Né le 29 juin 1912 à Madiran, dans les Hautes- Pyrénées, Emile Peynaud démarre sa carrière professionnelle à l'âge de 15 ans, comme employé du négoce bordelais Calvet. En 1946, après la soutenance de sa thèse d'œnologie, il rejoint la station agronomique et œnologique de Bordeaux comme directeur de recherche.
« Avec le binôme Jean Ribereau- Gayon et Emile Peynaud, on assiste à la naissance de l'œnologie moderne, commente Bernard Donèche, doyen de la faculté d'œnologie de Bordeaux. J'ai eu la grande chance de recevoir l'enseignement d'Emile Peynaud à la dégustation. Jean Ribereau-Gayon était le chercheur, l'universitaire et Emile Peynaud diffusait la bonne parole auprès des professionnels.
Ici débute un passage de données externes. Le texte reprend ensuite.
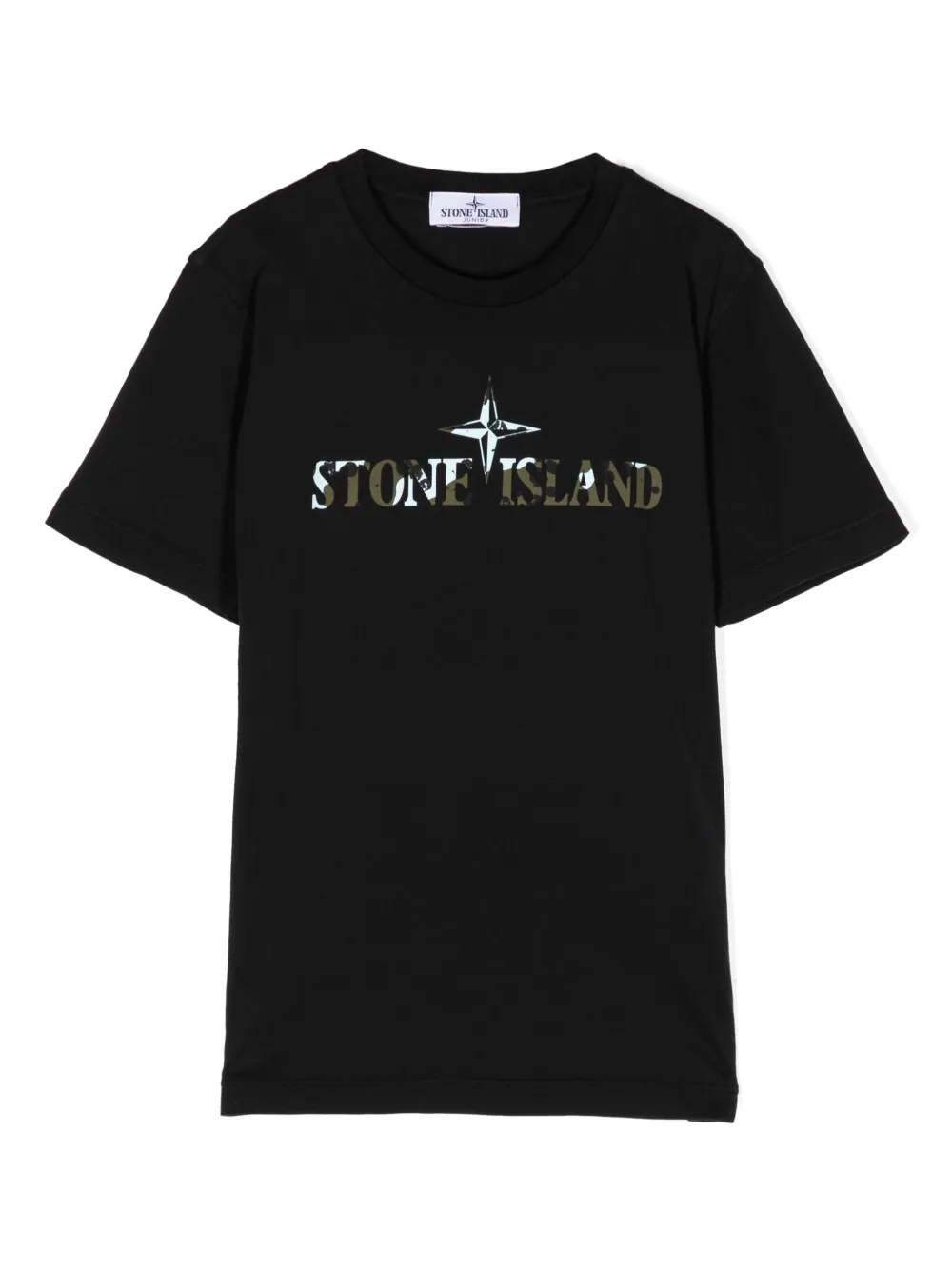 

Футболка с камуфляжным логотипом Stone Island Junior, черный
Il a porté le message dans les grandes propriétés. Il a beaucoup œuvré en faveur de la formation continue. Il assurait lui-même un cours le lundi soir. »
Exposé au soleil, un vin retrouve sa belle couleur
De fait, Emile Peynaud a conseillé plus de cent châteaux, dont de nombreux grands crus. Il fut un des premiers grands œnologues consultants. Avec son franc-parler et son accent inimitable du Sud-Ouest, c'était un sacré personnage, respecté dans les plus grands châteaux bordelais. Et lorsqu'il disait qu'il fallait écouler… la messe était dite.
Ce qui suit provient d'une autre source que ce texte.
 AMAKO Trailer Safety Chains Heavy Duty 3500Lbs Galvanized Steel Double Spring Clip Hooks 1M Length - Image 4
« Quelques sauvetages spectaculaires ont assis ma réputation, raconte Emile Peynaud, dans le livre d'entretiens de Michel Guillard. Tenez, un ami barsacais me téléphone en catastrophe : la mise en bouteilles a mal tourné. Le vin s'est troublé tout de suite, il a pris des reflets bleuâtres. Que faire ? Je lui conseille simplement de sortir ses bouteilles et de les placer sur la pelouse, au grand jour, si possible au soleil. (...) Quarante-huit heures après, le vin a repris sa limpidité première. Il ne pouvait savoir que la casse ferrique est réversible », grâce à la lumière.
Emile Peynaud intervient ainsi de manière curative à maintes reprises. « Soigner le vin » et le sauver des vinaigreries et distilleries « fut ma grande spécialité », confie-t-il encore. Certes. Mais pas seulement. Toute sa vie, Emile Peynaud s'est battu en faveur de l'élaboration de vins de qualité et de la recherche du meilleur équilibre. « Le grand vin est une œuvre d'art évolutive (...). Sa finalité est d'être bu et de disparaître avec le plaisir qu'il procure (...) », clamait-il.
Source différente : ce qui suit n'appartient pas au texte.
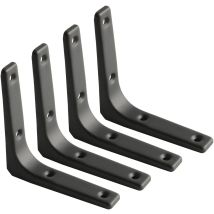 Staffa Per Mensola Da Parete, Staffa In Metallo Nero Opaco, Staffa Per Mensola In Metallo Per Arredo Cucina, Staffa Per Carichi Pesanti, 100mm100mm, 4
A ses yeux, tout l'art du viticulteur revenait à obtenir un vin agréable et doté d'un bon potentiel de vieillissement. Pour ce faire, Emile Peynaud a préconisé de nombreuses nouveautés : vendanger à bonne maturité, s'assurer du bon état sanitaire des raisins, trier et érafler. Il recommandait aussi de veiller à l'hygiène des chais et à la bonne réalisation des fermentations malolactiques. Il attachait beaucoup d'importance à la limpidité des vins. « Donnez-moi de bons raisins, je vous ferai de bons vins », clamait-il.
Il a transmis à la profession la nécessité de surveiller l'élaboration des vins, cuve par cuve, par l'analyse physico-chimique mais aussi par la dégustation régulière et systématique de toutes les cuves. « Quelque soit le niveau de qualité auquel on accède, on peut toujours faire mieux », martelait- il. Extraordinaire dégustateur, il préconisait : « Buvons peu, mais buvons bon pour boire longtemps. »
A la retraite, il écrit pour le grand public
En 1978, Emile Peynaud est un jeune retraité. Alors qu'il renonce à suivre beaucoup de châteaux, il accepte de conseiller Aimé Guibert dans son aventure de création de Daumas- Gassac à Aniane, dans l'Hérault. Il y voit « l'occasion rarissime d'être aux débuts d'un vin exceptionnel, alors que ma vie durant j'ai conseillé les grands vins établis ».
En 1980, il publie « Le goût du vin » un ouvrage d'initiation à la dégustation destiné au grand public, dont il connaît tous les secrets. Il poursuit en 1982 avec « Connaissance et travail du vin », un manuel pratique destiné aux professionnels où il décrit précisément les techniques d'élaboration du vin.
Emile Peynaud décède le 18 juillet 2004, à Talence (Gironde) à l'âge de 92 ans. « Au fond, l'important pour nous, hommes du vin, c'est que la civilisation du vin se perpétue », disait-il, car « le vin est le reflet du degré de raffinement d'une civilisation ».